Manchmal kommt es anders, als man denkt
Die htw saar lässt sich derzeit im Rahmen eines Audits in Sachen Diversity auf Herz und Nieren prüfen. Daraus entstanden ist das Label „Faktor Vielfalt“, unter dem zukünftig Maßnahmen und Aktionen zu finden sind. Die erste öffentlichkeitswirksame Maßnahme ist eine Aufsteller-Aktion an den Standorten der Hochschule. Dazu wurden an der Hochschule 13 Interviews durchgeführt, denn Vielfalt zeigt sich in den unterschiedlichen Studien-, Bildungs- und Berufswegen sowie Lebensläufen der Studierenden und Beschäftigten der htw saar. Diese Vielfalt beeinflusst und bereichert unseren (Hochschul-)Alltag. Überzeugen Sie sich in unserer neuen Reihe von unserem Faktor Vielfalt!

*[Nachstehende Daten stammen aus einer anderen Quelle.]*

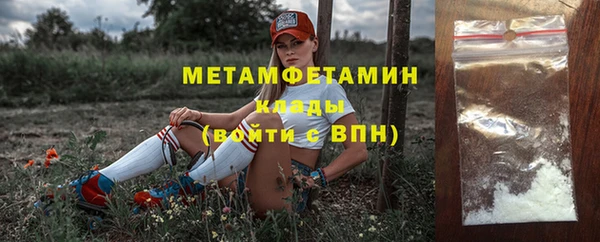 2c-b Аркадак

Diesen Monat stellen wir Ihnen Stefanie Tobä vor:
Stefanie Tobä ist eine Powerfrau: Die Studentin aus Eppelborn kümmert sich um ihren zweijährigen Sohn, hat einen Full-Time-Job und glänzt mit Spitzennoten im Studium. Ein straffes Programm – für die organisierte Vollblutmami jedoch ein Kinderspiel.

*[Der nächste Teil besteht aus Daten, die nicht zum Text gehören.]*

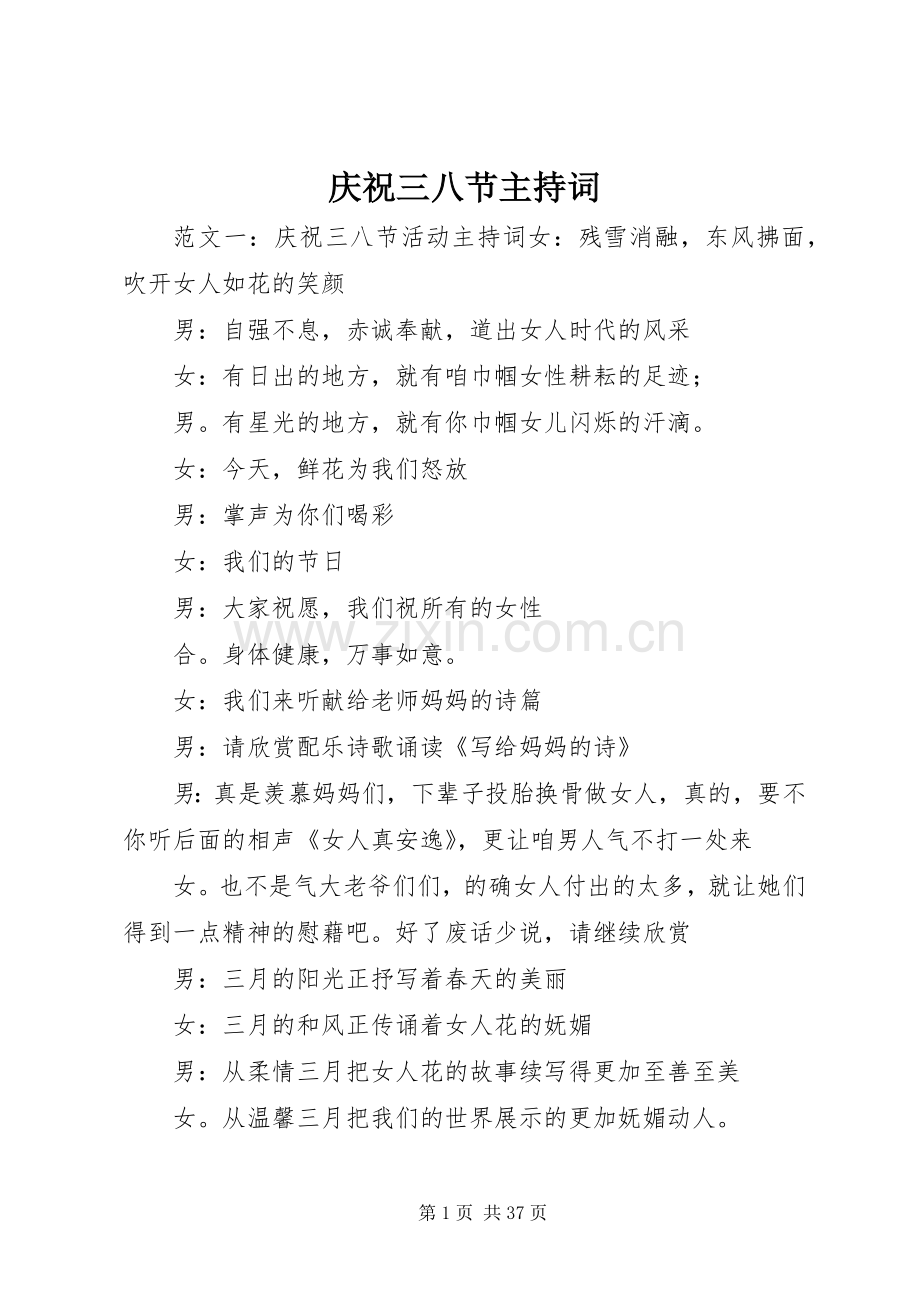 庆祝三八节主持稿.docx_第1页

Eigentlich wollte Stefanie Tobä schon immer Bauingenieurin werden. Als sie in der Schule ein zweiwöchiges Praktikum im Ingenieurbüro ihres Onkels machte, entdeckte sie ihre Leidenschaft für die Baustelle. Nach dem Abitur studierte Stefanie Tobä dennoch zunächst Mathematik und Physik auf Lehramt an der Universität. „Ich weiß gar nicht warum, aber ich wollte unbedingt einen Uni-Abschluss haben“. Doch manchmal kommt es anders, als man denkt. „Das Studium hat mir richtig gut gefallen und ich hatte es größtenteils beendet. Für das Referendariat hatte ich dann aber nicht so viel Zeit, da ich unerwartet ein Kind bekommen habe.“ Und weil das Referendariat sehr zeitaufwändig ist, entschied Stefanie Tobä etwas anderes zu machen. So kam sie zurück zum Bauingenieurwesen.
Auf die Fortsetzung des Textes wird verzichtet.